Termination pursuant to any subparagraph of this
Section 21(c) shall be effective 60 days after the date
on which such notice is given.
-23-
Termination of this Agreement shall operate as a concurrent
termination of the Related Agreements.
22. Effects of Termination. Neither party shall have
any liability to the other party solely by reason of the
termination of this Agreement in accordance with paragraph
21, other than by reason of an Event of Default.

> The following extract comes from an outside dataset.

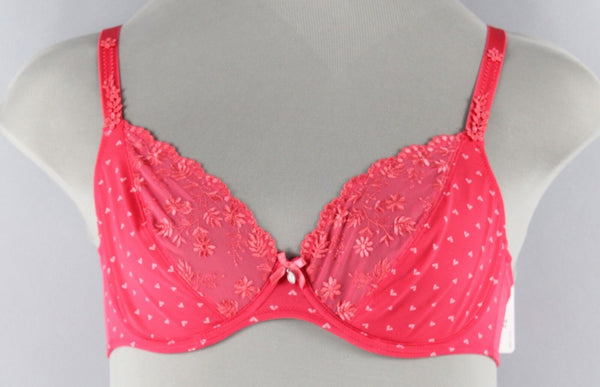 Rosa Faia New $99 34B Pink Style 5658.253 Unpadded Underwire Bra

No
termination of this Agreement or the Related Agreements
shall affect any obligation of a party under such documents
which arose prior to termination, except as provided
therein, or any obligations of VVI or MW under Section 3.1,
3.2 and 3.5 of the Receivables Sale and Purchase Agreement
in respect of credit authorizations or Credit Sales arising
prior to termination, and Customer Credits and chargebacks
relating to such credit authorizations or Credit Sales.

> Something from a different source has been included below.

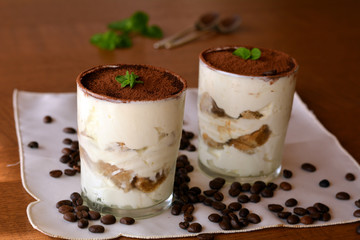 Sweet Deliciouse Italian Tiramisu Dessert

Notwithstanding any other provision of this Agreement to the
contrary, the termination of this Agreement shall terminate
each party's obligations hereunder, with the exception of
obligations under paragraphs 10, 16, 17, 19(b)(ii), 23, 24,
25, 26, 27 and 28, all of which shall survive any
termination of this Agreement for the periods (if any) set
forth therein and, in the absence of a stated survival
period, indefinitely.
23. VVI Indemnification Covenants.
(a) VVI shall indemnify, defend and hold harmless
the MW Group, and their respective officers, directors,
employees, agents, representatives, successors and
assigns (collectively, "MW Indemnitees") from and
against all liability, demands, claims, actions or
causes of action, assessments, losses, fines,
penalties, costs, damages and expenses, including,
without limitation, reasonable fees and disbursements
of counsel and witness fees, (collectively, "MW
Claims") which are sustained or incurred by such Person
as a result of, or arising out of or by virtue of:
(i) the failure of VVI to comply in all
material respects with, or the material breach by
VVI of any representation or warranty of VVI or of
any of the material covenants of this Agreement or
the Related Agreements to be performed by VVI
(including, without limitation, this paragraph
23);
(ii) product liability claims relating to any
Product purchased by a viewer or customer from
VVI, other than Products sold by MW to VVI which
were defective or dangerous at the time of
delivery to VVI or, if the Product was drop-
-24-
shipped directly to the customer by MW, delivery
to the customer;
(iii) material dilution, disparagement, or
loss of good will to any of the Marks as a result
of VVI's material breach of the Restated
Servicemark License Agreement; or
(iv) VVI's failure to comply in all material
respects with all applicable laws and regulations
materially affecting the performance by VVI of its
obligations under this Agreement and the Related
Agreements; provided, however, that this paragraph
(iv) shall not apply with respect to the
Receivables Sale and Purchase Agreement to the
extent it would, but for this proviso, apply to
the legality of the proposed use of the Card or
the Revolving Charge Plan (as defined in the
Receivables Sale and Purchase Agreement) in
accordance with the Restated Receivables Sale and
Purchase Agreement.
(b) Notwithstanding anything in this Agreement to
the contrary, VVI shall be liable to indemnify the MW
Indemnitees only if the aggregate amount of MW Claims
exceeds $100,000, in which event MW shall be entitled
to indemnification for all MW Claims.
(c) The indemnification covenants provided in
this paragraph 23 shall survive the termination of this
Agreement until two years after the termination hereof,
except with respect to claims made by governmental
entities or other third parties, with respect to which
the indemnification covenants shall survive until four
years after the termination hereof. Any
indemnification claim which is asserted by an MW
Indemnitee during the applicable survival period shall
survive until the final disposition thereof.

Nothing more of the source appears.